(Beginning of INFORMATION SUPPLIED)

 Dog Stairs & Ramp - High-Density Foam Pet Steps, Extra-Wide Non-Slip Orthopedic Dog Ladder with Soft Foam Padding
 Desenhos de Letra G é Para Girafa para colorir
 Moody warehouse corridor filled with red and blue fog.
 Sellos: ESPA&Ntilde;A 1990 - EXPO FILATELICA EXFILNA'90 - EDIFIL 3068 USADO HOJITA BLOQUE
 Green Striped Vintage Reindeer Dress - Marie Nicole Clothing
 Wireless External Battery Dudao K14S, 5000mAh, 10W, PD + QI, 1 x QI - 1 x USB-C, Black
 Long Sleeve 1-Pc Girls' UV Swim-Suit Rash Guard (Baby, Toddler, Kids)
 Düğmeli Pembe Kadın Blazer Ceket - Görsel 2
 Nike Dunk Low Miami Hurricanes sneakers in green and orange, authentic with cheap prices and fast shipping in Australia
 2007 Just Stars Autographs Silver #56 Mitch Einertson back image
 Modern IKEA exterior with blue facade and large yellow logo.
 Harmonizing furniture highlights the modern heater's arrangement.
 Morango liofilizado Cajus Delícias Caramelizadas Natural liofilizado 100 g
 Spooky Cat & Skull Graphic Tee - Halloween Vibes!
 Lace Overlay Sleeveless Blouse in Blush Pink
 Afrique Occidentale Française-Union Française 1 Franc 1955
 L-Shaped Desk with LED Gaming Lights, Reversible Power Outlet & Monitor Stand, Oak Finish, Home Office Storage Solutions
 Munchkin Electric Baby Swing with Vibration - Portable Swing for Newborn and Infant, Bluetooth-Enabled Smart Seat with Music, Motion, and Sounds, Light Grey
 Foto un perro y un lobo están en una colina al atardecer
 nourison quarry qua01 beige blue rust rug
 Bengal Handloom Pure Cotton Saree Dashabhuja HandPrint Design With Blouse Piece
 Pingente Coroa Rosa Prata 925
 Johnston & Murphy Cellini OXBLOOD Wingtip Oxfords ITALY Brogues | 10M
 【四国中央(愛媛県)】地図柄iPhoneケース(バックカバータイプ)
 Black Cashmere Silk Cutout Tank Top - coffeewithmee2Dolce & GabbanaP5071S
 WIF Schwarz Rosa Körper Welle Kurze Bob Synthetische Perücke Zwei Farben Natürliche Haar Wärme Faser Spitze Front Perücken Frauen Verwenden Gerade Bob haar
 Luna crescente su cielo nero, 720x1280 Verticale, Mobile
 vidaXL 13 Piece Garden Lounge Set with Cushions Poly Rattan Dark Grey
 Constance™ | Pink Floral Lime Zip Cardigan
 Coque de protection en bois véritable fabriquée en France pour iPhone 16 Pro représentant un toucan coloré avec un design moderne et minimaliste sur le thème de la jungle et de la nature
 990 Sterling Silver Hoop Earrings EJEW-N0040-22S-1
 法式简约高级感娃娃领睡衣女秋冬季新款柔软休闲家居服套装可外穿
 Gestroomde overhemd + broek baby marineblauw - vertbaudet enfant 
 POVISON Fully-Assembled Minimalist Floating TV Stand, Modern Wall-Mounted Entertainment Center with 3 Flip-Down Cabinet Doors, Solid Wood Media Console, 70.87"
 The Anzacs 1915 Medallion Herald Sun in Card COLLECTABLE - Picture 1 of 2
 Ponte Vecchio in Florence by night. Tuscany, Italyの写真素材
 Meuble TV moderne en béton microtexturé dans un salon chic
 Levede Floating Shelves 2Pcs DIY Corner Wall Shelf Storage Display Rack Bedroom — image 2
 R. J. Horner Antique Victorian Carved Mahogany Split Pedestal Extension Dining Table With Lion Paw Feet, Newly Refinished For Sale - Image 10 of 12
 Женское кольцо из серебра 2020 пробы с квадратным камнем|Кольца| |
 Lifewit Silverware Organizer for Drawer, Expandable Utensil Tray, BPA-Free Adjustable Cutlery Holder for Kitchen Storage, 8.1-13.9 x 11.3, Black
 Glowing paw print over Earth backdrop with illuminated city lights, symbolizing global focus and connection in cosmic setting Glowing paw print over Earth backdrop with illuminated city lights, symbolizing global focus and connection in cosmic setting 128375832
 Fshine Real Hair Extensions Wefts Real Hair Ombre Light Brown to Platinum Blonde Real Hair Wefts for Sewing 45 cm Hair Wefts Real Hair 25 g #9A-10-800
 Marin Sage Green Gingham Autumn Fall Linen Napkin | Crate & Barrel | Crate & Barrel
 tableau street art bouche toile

(End of INFORMATION SUPPLIED)

**WORK TO COMPLETE**: Output, please, only the lines running from the start of the entries through the line that contains "Green Striped Vintage", including both of those lines.

**TASK RESULT**:
 Dog Stairs & Ramp - High-Density Foam Pet Steps, Extra-Wide Non-Slip Orthopedic Dog Ladder with Soft Foam Padding
 Desenhos de Letra G é Para Girafa para colorir
 Moody warehouse corridor filled with red and blue fog.
 Sellos: ESPA&Ntilde;A 1990 - EXPO FILATELICA EXFILNA'90 - EDIFIL 3068 USADO HOJITA BLOQUE
 Green Striped Vintage Reindeer Dress - Marie Nicole Clothing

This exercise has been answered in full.